§ Assigned task:
Please copy the data below exactly; none of the pictures in it belong in the copy.

§ Dataset extract:
--- START ---

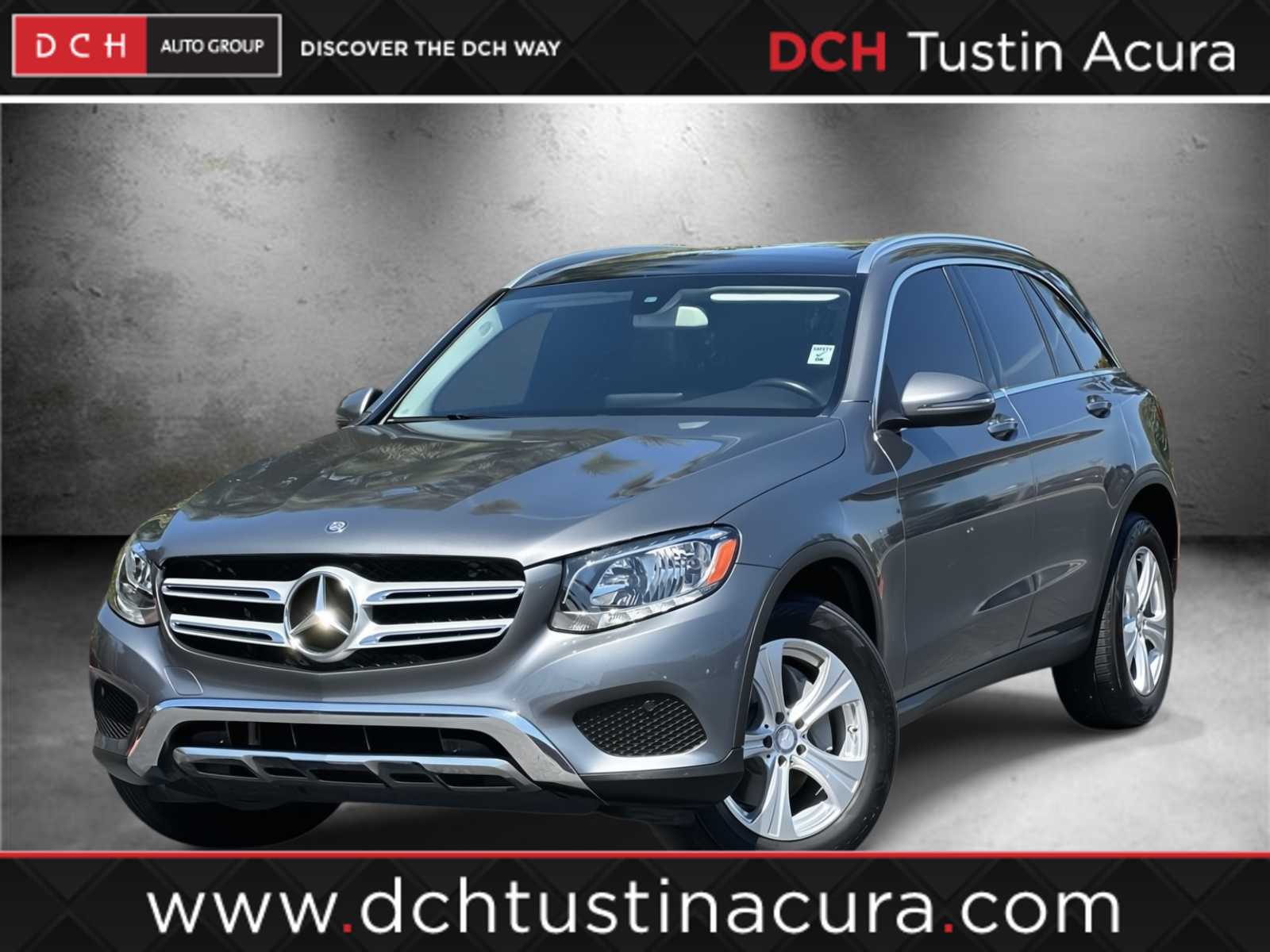 2016 Mercedes-Benz GLC 300 -
                  Tustin, CA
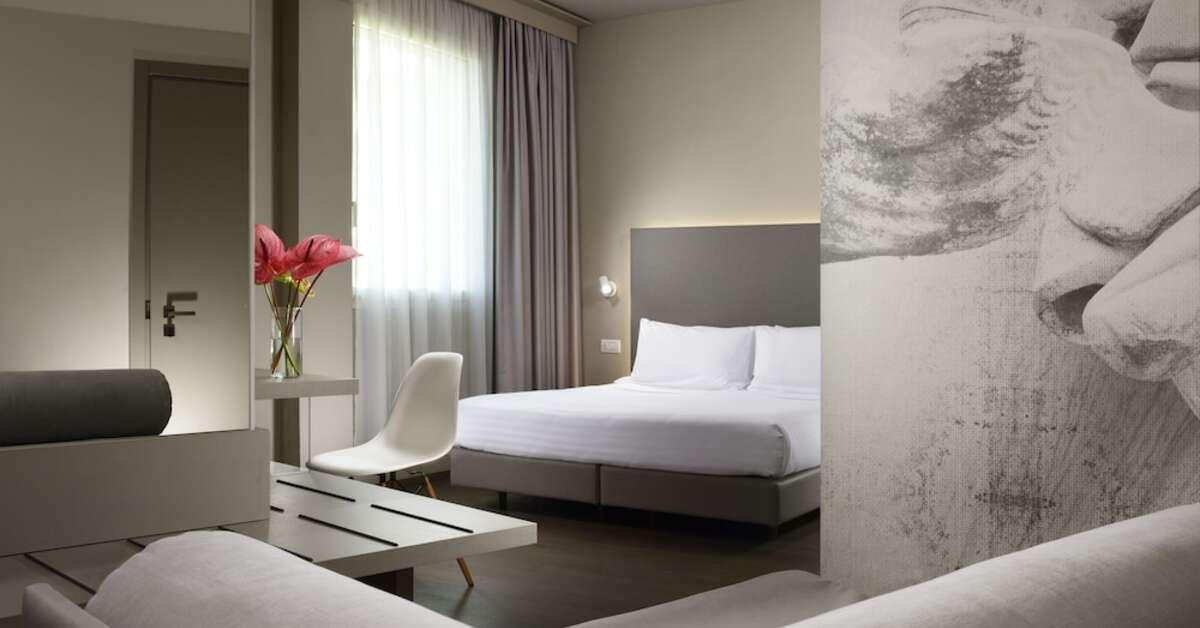 Een foto van Glance Hotel Florence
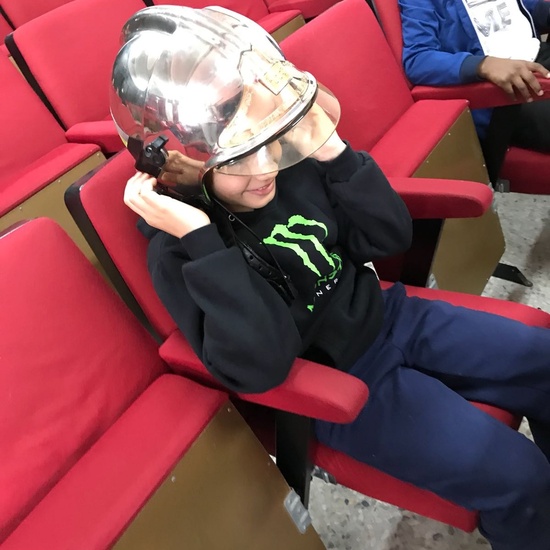 visita papá bombero 28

--- END ---

§ Finished exercise:
 2016 Mercedes-Benz GLC 300 -
                  Tustin, CA
 Een foto van Glance Hotel Florence
 visita papá bombero 28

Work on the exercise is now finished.